I asked the director of the Australian War Memorial, Brendan Nelson, why the memorial is accepting funding from weapons manufacturers like BAE Systems, Boeing, Lockheed Martin and Northrop Grumman. In response, Nelson wrote back: “We regard it as entirely appropriate that defence contractors support the Memorial in its mission.”
It is difficult to see how Nelson can maintain that position when the AWM says in its founding documents: “The Memorial’s purpose is to commemorate the sacrifice of those Australians who have died in war.” Its mission is to help Australians “… to remember, interpret and understand the Australian experience of war and its enduring impact on Australian society”.
Accepting funding from arms manufacturers who profit from war, and allowing them to have theatres named after them, is vastly different to “commemorating the sacrifice of those Australians who have died in war”. It is accepting funds from those who profit from war.
Pope Francis put the issue very clearly on May 24, 2017, after his meeting with Donald Trump.

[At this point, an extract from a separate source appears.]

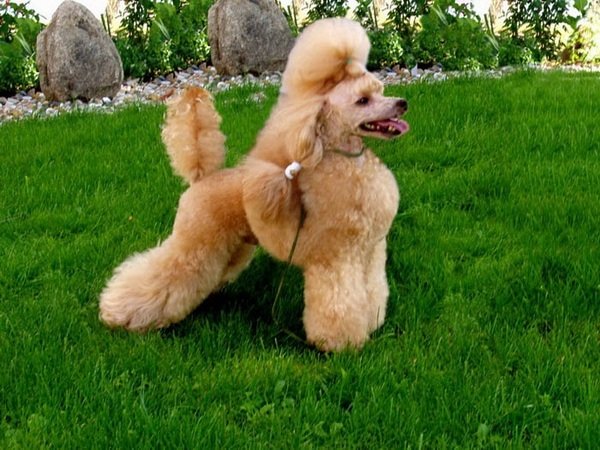 Миниатюрный пудель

The Pope said: “It’s hypocritical to speak of peace while funding the arms trade, which only serves the merchants of death, exacerbating wars, not fought to solve a problem, but to benefit the weapons industry.”
Pope Francis called for “the elimination of the arms trade”. But the AWM is helping to promote the arms trade. It is benefiting from the weapons industry.
In a blog post in April 2017, “The AWM and weapons manufacturers”, Sue Wareham described the ways that the AWM had accepted money and in-kind support from weapons manufacturers, as outlined below.
BAE Systems is a key weapons supplier to the Saudi Arabian government. That government is being investigated by the United Kingdom Ministry of Defence for 282 alleged breaches of international law against Yemen. BAE Systems has a theatre named after it at the AWM. The theatre can be combined with a “VIP tour of the Memorials Galleries”.
Another funder is Boeing, a major supplier of military aircraft around the world. It has had a defence partnership with Saudi Arabia for more than 70 years.
Funds also come from Lockheed Martin, the world’s largest defence contractor. About 80% of its revenue comes from military sales. It is supplying F-16 fighter jets to Saudi Arabia.
Raytheon is the world’s largest producer of guided missiles and is an AWM funder.
Thales is a French multinational company that designs and builds electrical systems for defence and other industries. It supports the AWM.
Northrop Grumman was the fifth largest defence contractor in the world in 2015. It supplies military aircraft, military vessels, missile defence systems and related products. Its name appears in the large advertisement of the AWM at the Canberra Airport with the caption “for we are young and free”. In December 2014, the AWM was the venue for the launch of Northrop Grumman Australia’s new corporate image.
The military/political/intelligence complex based in the United States that president Dwight Eisenhower warned us about is spreading dangerously around the world. It has become a “secret state” with countless examples of how it overthrows governments and influences others. The arms manufactures are key players in that complex. The AWM is just another naïve organisation that can be influenced and used for advantage and profit..
These “merchants of death”, as Pope Francis calls them, profit from continuing war. They demean the sacrifice of Australians who died in war.
The AWM has lost its way on many fronts. It refuses to acknowledge in any meaningful way the 30,000 indigenous people who were killed in defending their land against white settlers and their police allies. In relation to our population at the time, this was the greatest loss of life in war in our history. But the AWM says the Frontier Wars are a matter for the Australian Museum. What a disgrace that our indigenous people are shunned like this.
The AWM cannot give us enough of the Anzac myth and Gallipoli. But European Australians and New Zealanders first fought together in the Maori Wars of the 1850s and 1860s. But that does not fit with the 1915 myth so best we forget it.
And so the AWM’s failure continues by seeking and obtaining support from “the merchants of death”. With their global power and influence the arms manufacturers are winning in their struggle to keep the US and its allies like Australia continually at war. That is not what the founders of the AWM intended.
At the opening of the AWM in 1941 governor-general Lord Gowrie said the memorial would be not only a record of the splendid achievements of the men who fought and fell “but also a reminder to future generations of the barbarity and futility of modern war”.
Brendan Nelson should take stock. The AWM has lost its way.